No artigo, o diário explica que "o programa de Hitler", que consiste em "meia dúzia de ideias negativas vestidas de generalidades", "tem menos interesse do que a sua personalidade e movimentos". "É contra os judeus, os comunistas, os bolcheviques, o socialismo marxista, os separatistas, os altos custos de vida, as condições atuais, o fraco governo de Berlim e contra o Tratado de Versalhes. Defende apenas uma Alemanha forte e unida sob um governo forte."

O artigo foi desenterrado esta semana pelo jornalista do "The Wall Street Journal" Jon Ostrower, dias depois de a colunista conservadora do "The Washington Post" Jennifer Rubin ter classificado Donald Trump de "fascista". O objetivo de Ostrower era mostrar a abordagem cândida que foi feita de um homem que viria a ser um dos mais sanguinários ditadores de que há memória na História mundial — e como não foi dada atenção suficiente aos perigos representados pelo populismo do alemão, da mesma forma que não está a ser dada agora ao populismo do atual líder da corrida à nomeação republicana.

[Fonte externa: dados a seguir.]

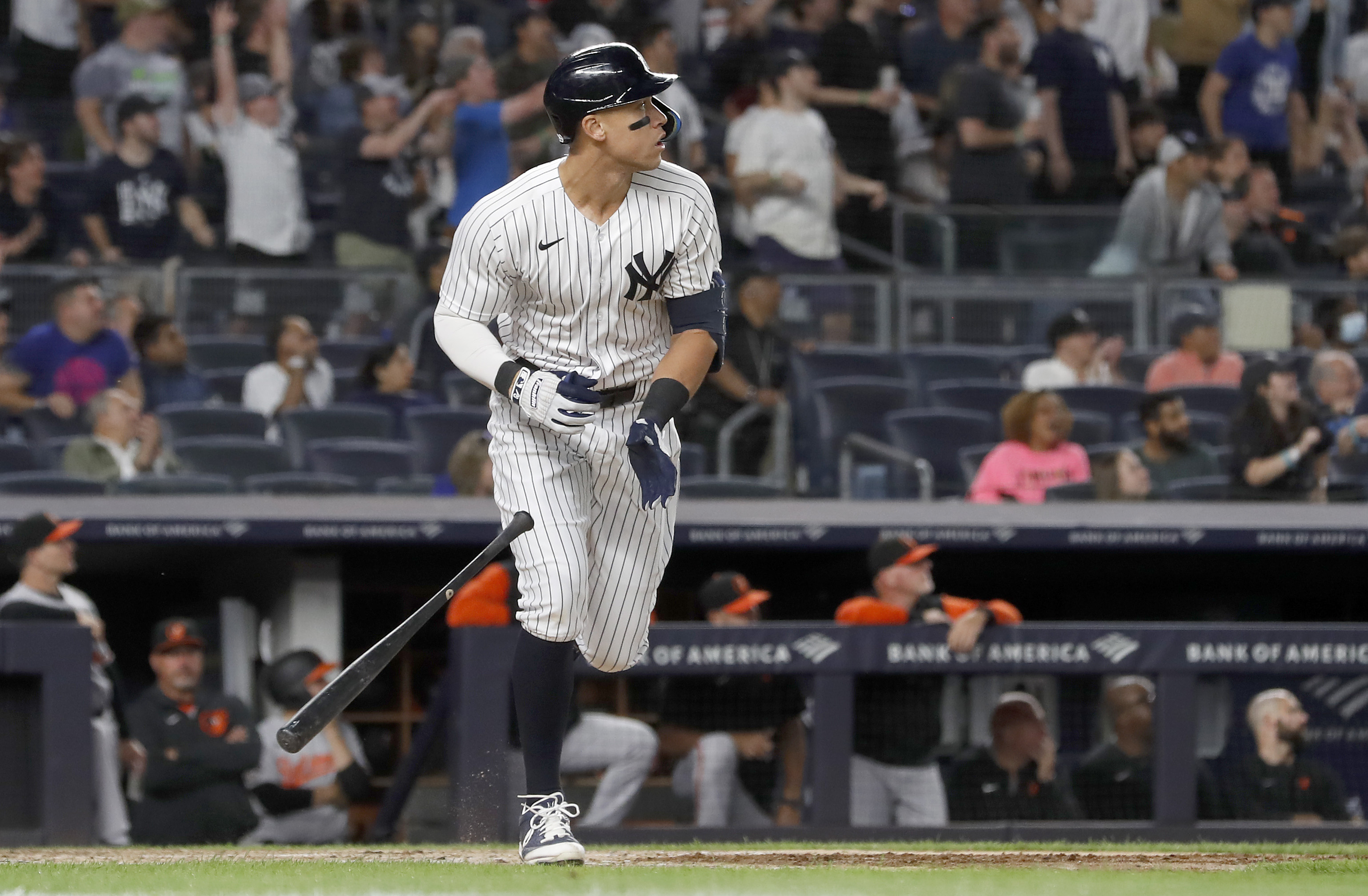 Aaron Judge's Pursuit of Yankees History Should Be Taken Seriously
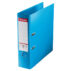 Segregator Esselte No.1 Vivida PLUS, A4, szer. 80 mm, niebieski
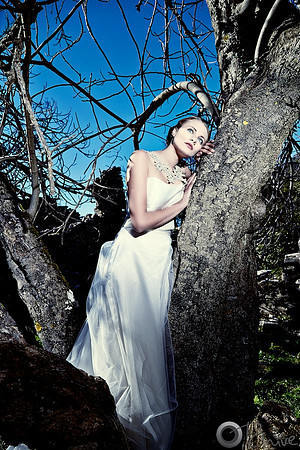 Bridal accessories photography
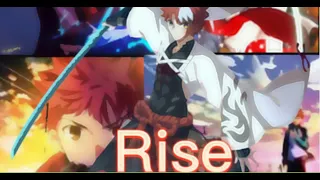 [AMV] (Emiya Shirou) Rise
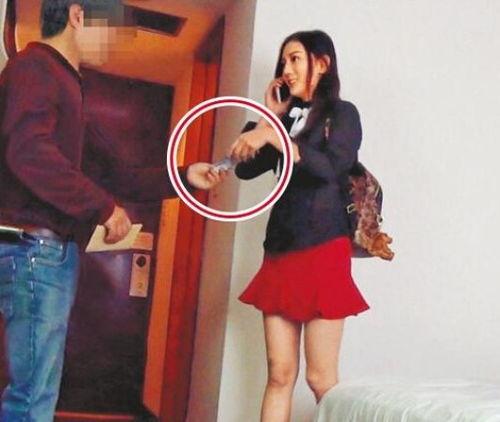 援交韩国女明星视频,揭秘娱乐圈黑暗面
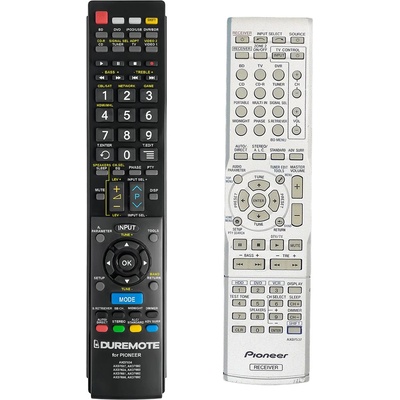 GENERAL Pioneer axd7537 - дистанционно управление дубликат (axd7537)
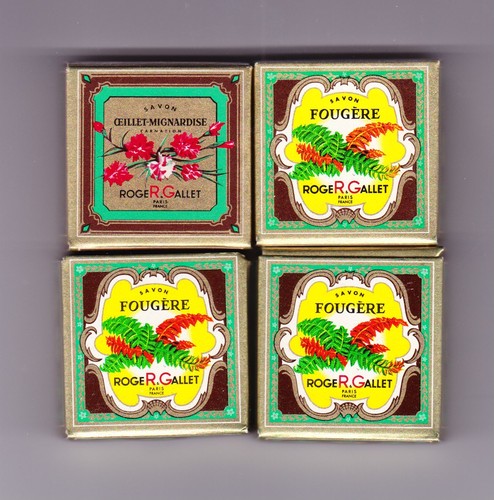Miniseifen roger gallet - 4, &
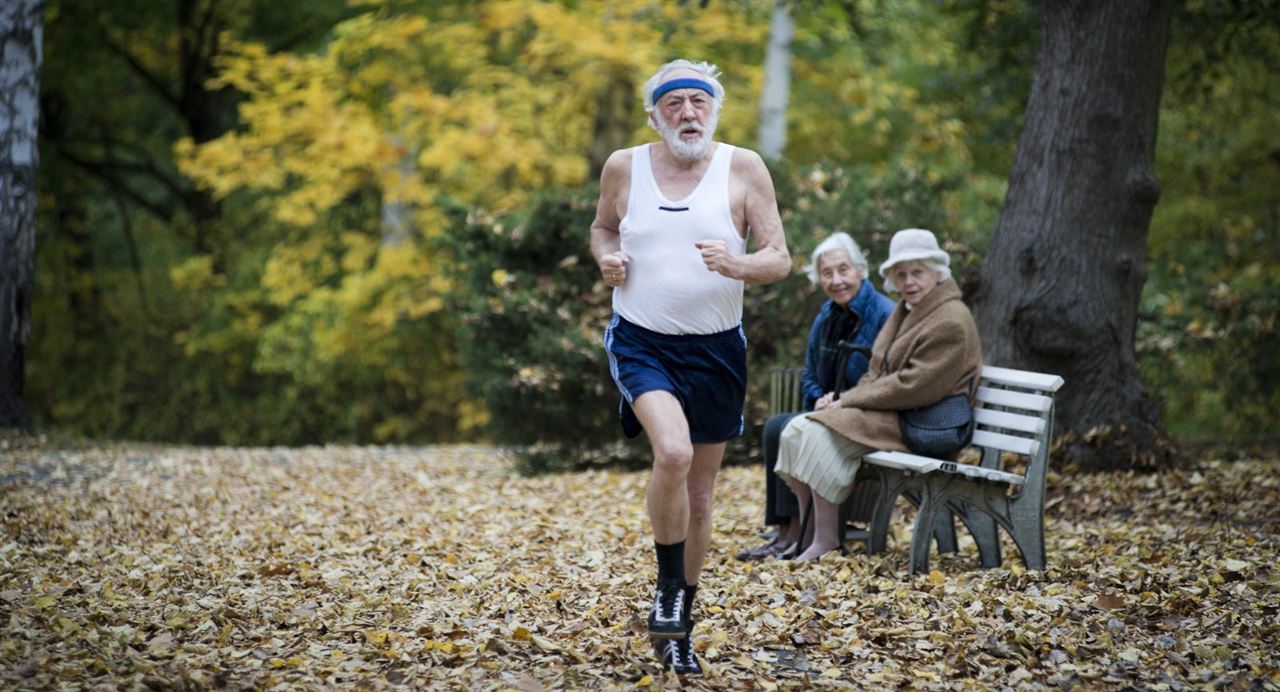 Vivir sin parar : Foto Dieter Hallervorden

Nesse perfil de Hitler datado de há 94 anos, é ressaltado o seu "raro dom oratório que fascina audiências independentemente da sua orientação política ou credo religioso". "O seu método é simples: primeiro, propaganda, segundo, organização eficiente", lê-se ainda. "Ele conduz pessoalmente encontros de revivalismo patriótico com esse propósito."

Qualquer semelhança com 2016 não será pura ficção

Podia trocar-se "os judeus, os comunistas, os bolcheviques, o socialismo marxista, os separatistas" pelos muçulmanos, mexicanos, imigrantes sem documentos e os que se manifestam em comícios de campanha e estaríamos a falar de Donald Trump. Podia trocar-se Hilter por Trump na frase "o programa de Hitler tem menos interesse do que a sua personalidade e movimentos" e tudo estaria certo.

Ao longo da corrida para poder disputar a presidência dos EUA em novembro, o magnata populista tem efetivamente baseado o seu programa político numa "meia dúzia de ideias negativas vestidas de generalidades" e defendido alto e bom som as suas políticas anti-imigração, em linha com o que é descrito sobre Hitler.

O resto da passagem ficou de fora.